Suddenly, a new generation could dare to hope for freedom and jobs. The brothers voted for Ennahda, a moderate Islamic party, in Tunisia's first free election in October 2011. Ennahda won as part of the political rise of the regionwide Muslim Brotherhood, long suppressed by Western-backed dictators.
But Ennahda failed to revive the economy, and the Khedri brothers quickly lost faith. Adel switched from construction to the slightly more lucrative trade of selling cigarettes on the street opposite the Finance Ministry and the courts. Each morning he picked up his cardboard boxes from a night guard who stored them overnight under a staircase. Then he set up his stand to catch the morning rush hour trade of lawyers, government officials and passers-by.
From there, the picture of Adel turns fuzzy. Two waiters at the Cafe de la Justice said he drank heavily, but others reported that he sent money home and wouldn't have wasted it on alcohol.
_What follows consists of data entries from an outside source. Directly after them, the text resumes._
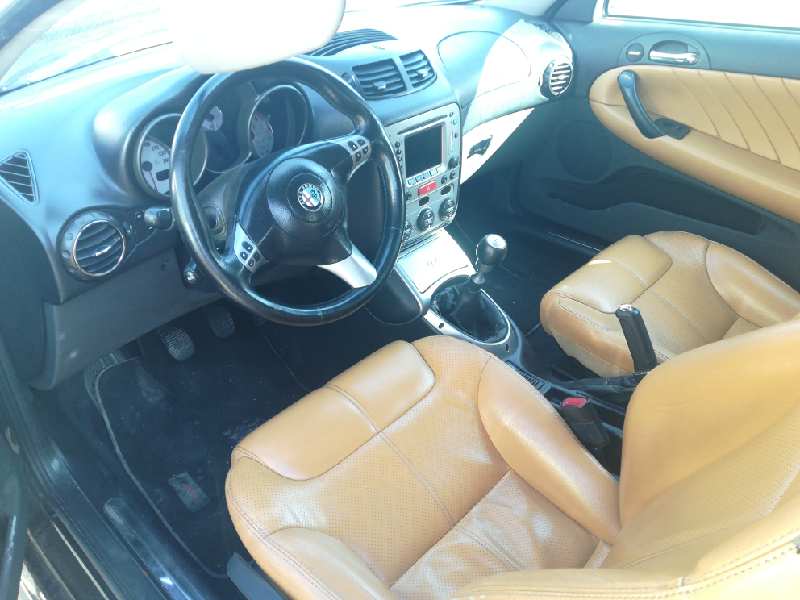 ALFA ROMEO GT 937 (2003-2010) Двигатель 937A5000 22639470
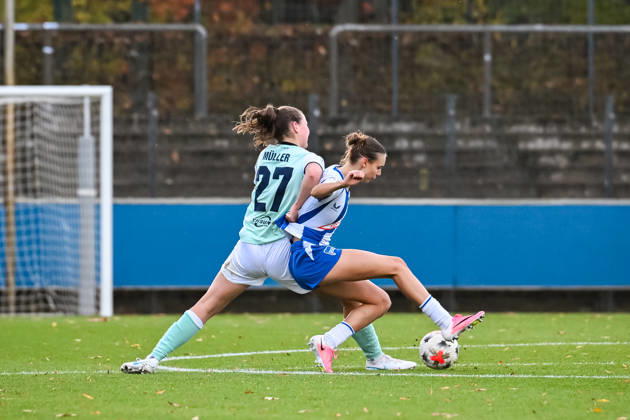 October 25, 2026, Soccer, Women s Bundesliga 2, 2026–2027, Matchday 10, Hertha BSC Berlin vs. SG 99 Andernach; Malou Müller (27, Andernach) holds Lotte Reimold (Hertha BSC) by her jersey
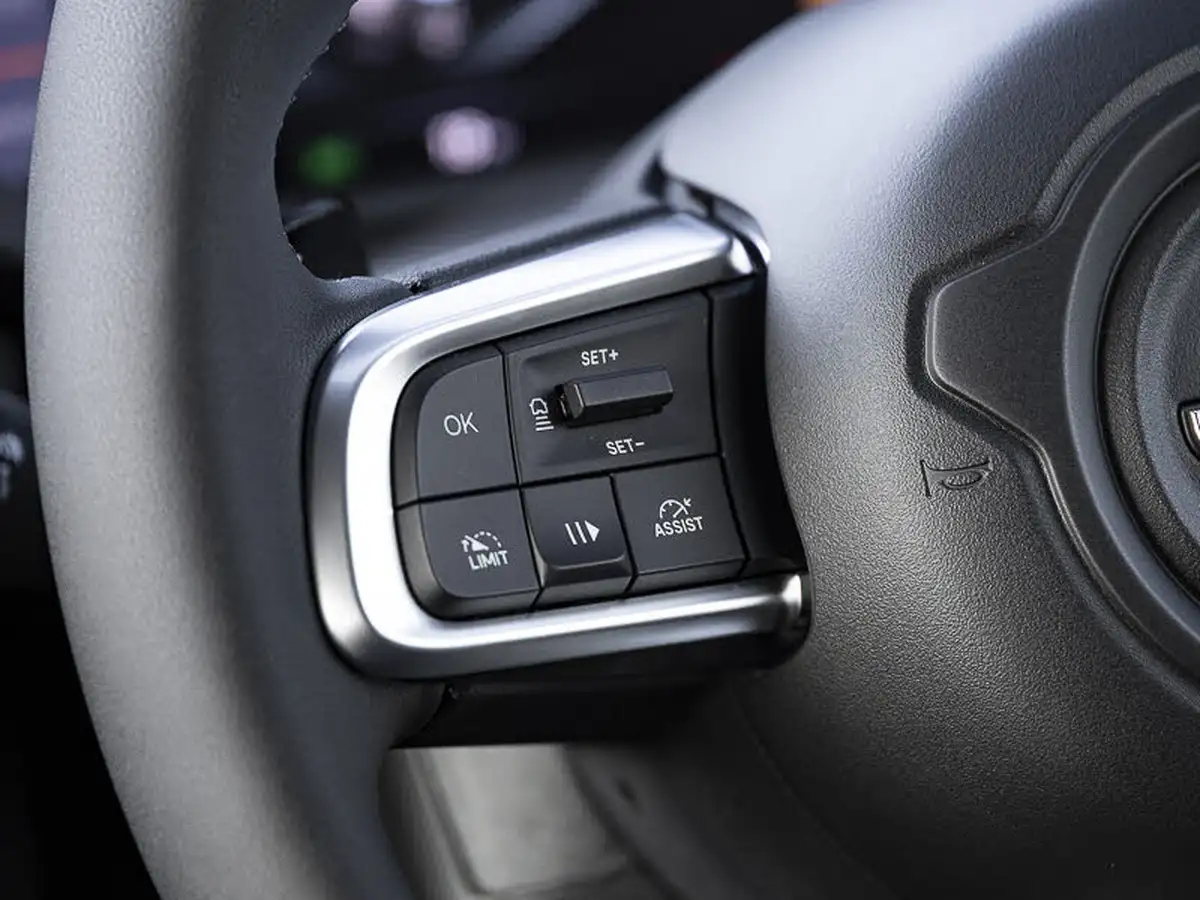 2025-jeep-avenger-12-gse-summit-e-hybrid-48v-auto-big-10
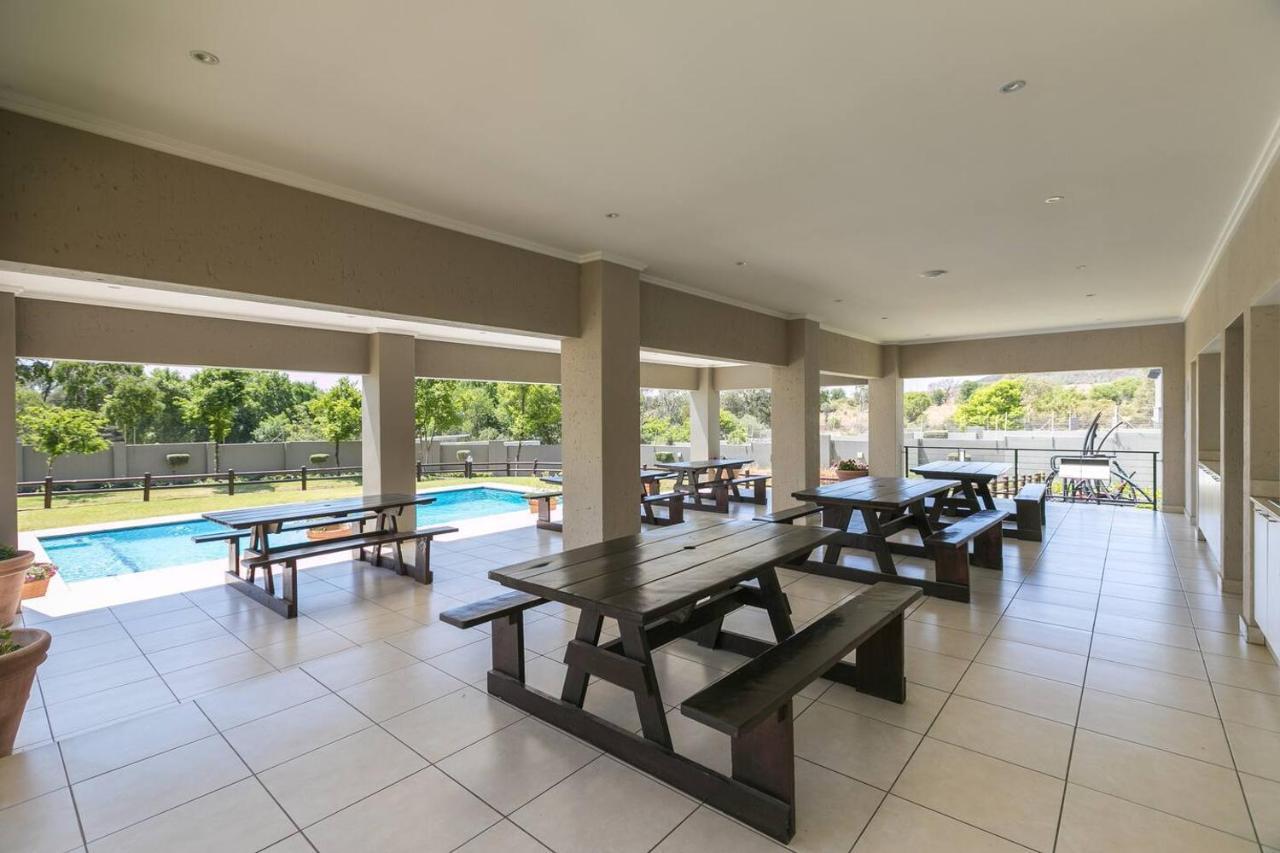 Nova Luxury Suites Lonehill Johannesburg Exterior foto
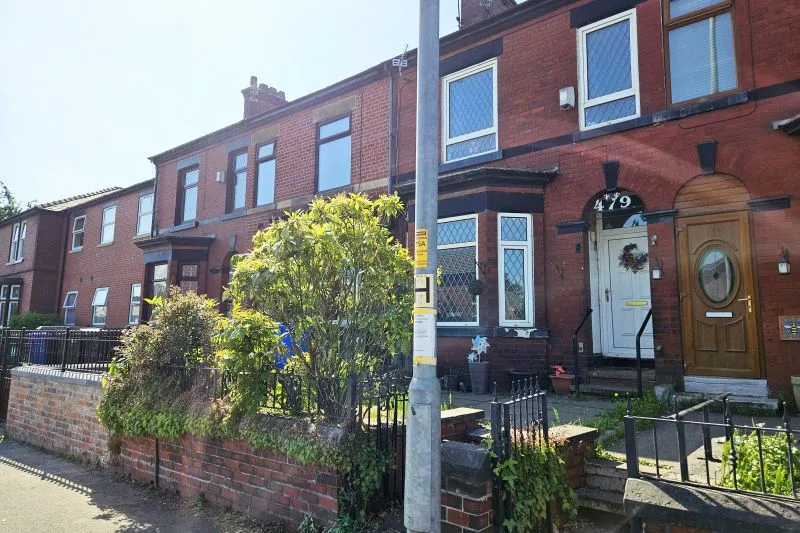 4 bed Terraced House For Auction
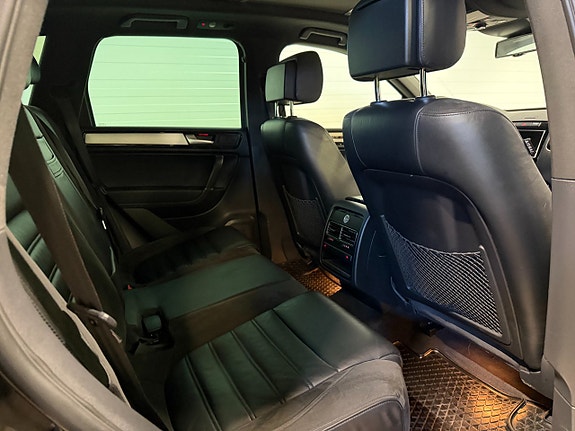 Volkswagen Touareg 10 of 21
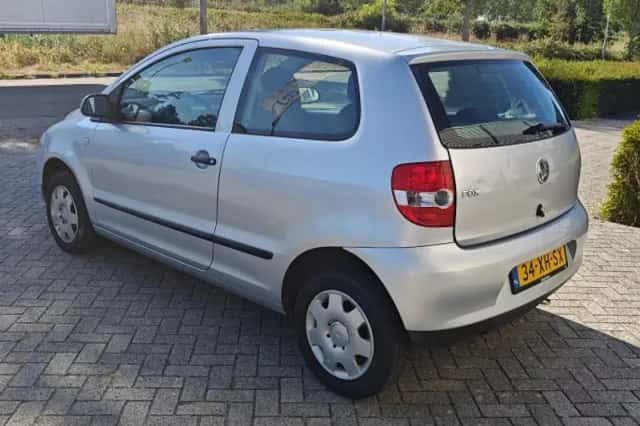 Volkswagen Fox (2007) thumbnail 6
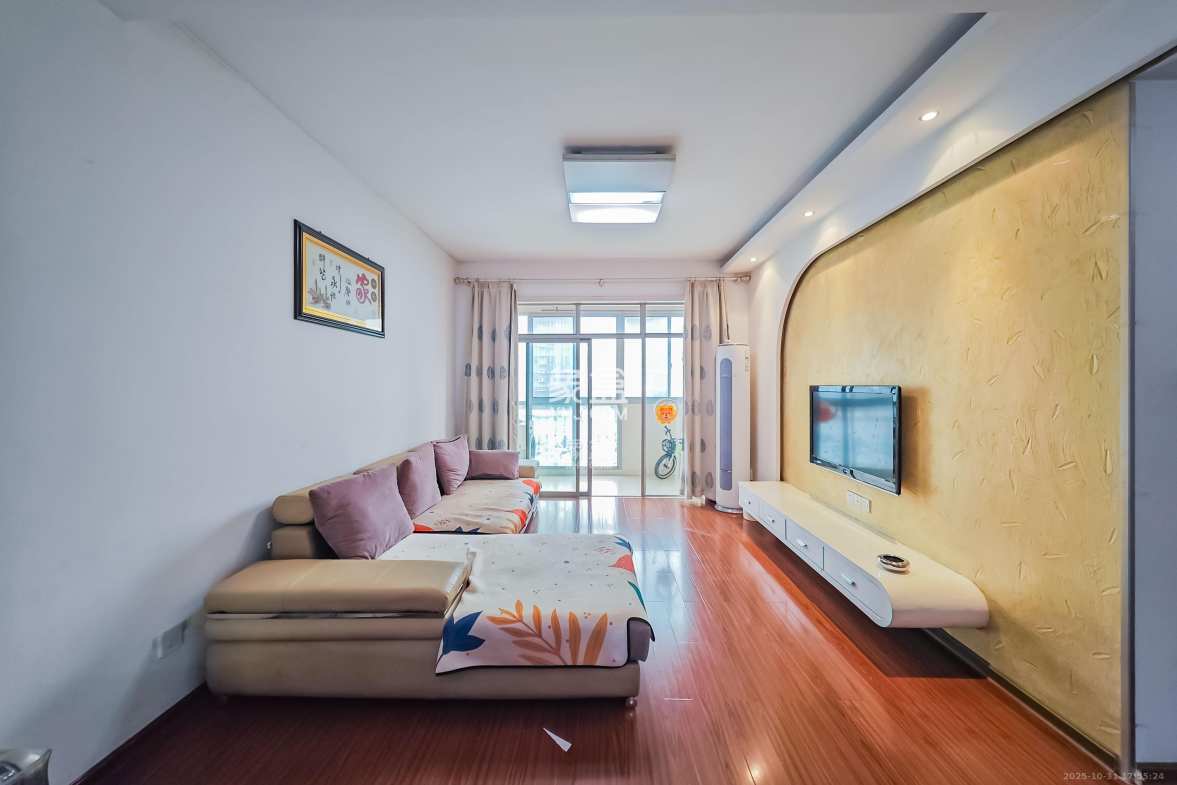 白沙湾嘉园  2室2厅1卫    85.0万 白沙湾嘉园  2室2厅1卫    85.0万客厅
Two friends say he had several relationships, but brother Issam said he was serious about a girl who worked as a maid in Tunis, whom he could not afford to marry. The girlfriend agreed to speak by phone on condition of anonymity because she did not want the relationship to become public. She is in her early 20s and says she holds a three-year degree from Jendouba University in economics and management.
"Since I knew him, he was irritable and unsettled," she said. "Recently, he was particularly nervous. We were always talking about how bad the situation was."
Issam said policemen often harassed his brother by taking cigarettes for free. But Ratiba Ben Othmane, a neighbouring lawyer, denied any such trouble, and called Adel "a nice young man" who was troubled by his girlfriend's jealousy.
Adel was particularly despondent in January. He got a job as a dishwasher in a fast food restaurant in Tripoli, Libya, but left after two weeks when his boss didn't pay his full wages. It's not clear what pushed him over the edge.
Photos of Adel on fire appeared on the front pages of Tunisia's newspapers the next day.
"Tunisians become inflammable," read the headline in the Al Anwar newspaper, one of several from that day that Issam keeps under his mattress.
Jobless get a worthwhile skill
Just six months of learning to mend air conditioners changed Mohammed Nabouti's life.
Instead of drifting after high school like many of his jobless friends, the 21-year-old Jordanian works steadily, has taken a small loan to start his own business and recently got engaged.
Nabouti's story points to a fix the unemployment-stricken Middle East might try until deeper economic reforms can kick in, experts say - job training, micro loans and help in setting up businesses.
In Jordan, Egypt, Tunisia, Iraq and elsewhere, the government has long been the largest employer, offering better wages and job security than the private sector. The universities served to feed the civil service, with an emphasis on certificates rather than specific skills, while those with a high school education or less became shopkeepers or labourers.
But a population explosion resulted in too many competitors for too few civil service jobs, and not enough skilled workers, said Mayyada Abu Jaber, head of the Jordan Career Education Foundation.
Each year, Jordan produces about 40,000 college graduates, while 60,000 high school dropouts compete for unskilled jobs.
Abu Jaber's centre offers the dropouts training in surveying, hospitality, air conditioner repair and information technology.
Up to 1500 young Jordanians complete the classes every year, she said, adding that "the private sector is really waiting for those graduates".
After graduating in 2011, Nabouti got a government loan of 2000 dinars ($3439) to rent a van.
He makes 800 dinars a month fixing air conditioners, double a labourer's wage, and says his prospects are better than a college graduate's.
For many others without jobs, especially college graduates and professionals, emigration is the only option, and every sixth Jordanian works in one of the oil-rich Gulf countries.